Reputation: 479
Python experts:
I have a sentence like:
"this time air\u00e6\u00e3o was filled\u00e3o"
I wish to remove the non-Ascii unicode characters.
I can just the following code and function:
def removeNonAscii(s):
return "".join(filter(lambda x: ord(x)<128, s))
sentence = "this time air\u00e6\u00e3o was filled\u00e3o"
sentence = removeNonAscii(sentence)
print(sentence)
then it shows up: "this time airo was filledo"
, works great to remove "\00.."
but when I write the sentence in a file, and then read it and make as a loop:
def removeNonAscii(s):
return "".join(filter(lambda x: ord(x)<128, s))
hand = open('test.txt')
for sentence in hand:
sentence = removeNonAscii(sentence)
print(sentence)
it shows "this time air\u00e6\u00e3o was filled\u00a3o"
it doesn't work at all.
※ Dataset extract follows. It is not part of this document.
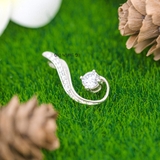 Mặt Dây Chuyền Bạc Nữ Chiếc Lá Nhỏ Đá 5 Ly M2409230046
What happens here? if the function works, it should not
be that way....
Upvotes: 3
Views: 3085
Reputation: 5515
I have a feeling that instead of having the actual non-ascii
characters, the text in your file is actually displaying the utf-8 sequence for the character, ie instead of whatever character you think is there, it is actually the code \u00--
and so when you run your code, it reads every character and sees that they are completely fine so the filter leaves them.
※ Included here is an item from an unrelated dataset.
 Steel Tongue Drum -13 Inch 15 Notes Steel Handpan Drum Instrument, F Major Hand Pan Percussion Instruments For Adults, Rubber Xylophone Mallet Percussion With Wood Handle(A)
IF this is the case, use this:
import re
def removeNonAscii(s):
return re.sub(r'\\u\w{4}','',s)
and it will take away all instances of '\u----'
example:
>>> with open(r'C:\Users\...\file.txt','r') as f:
for line in f:
print(re.sub(r'\\u\w{4}','',line))
this time airo was filledo
where file.txt has:
this time air\u00e6\u00e3o was filled\u00a3o
Upvotes: 2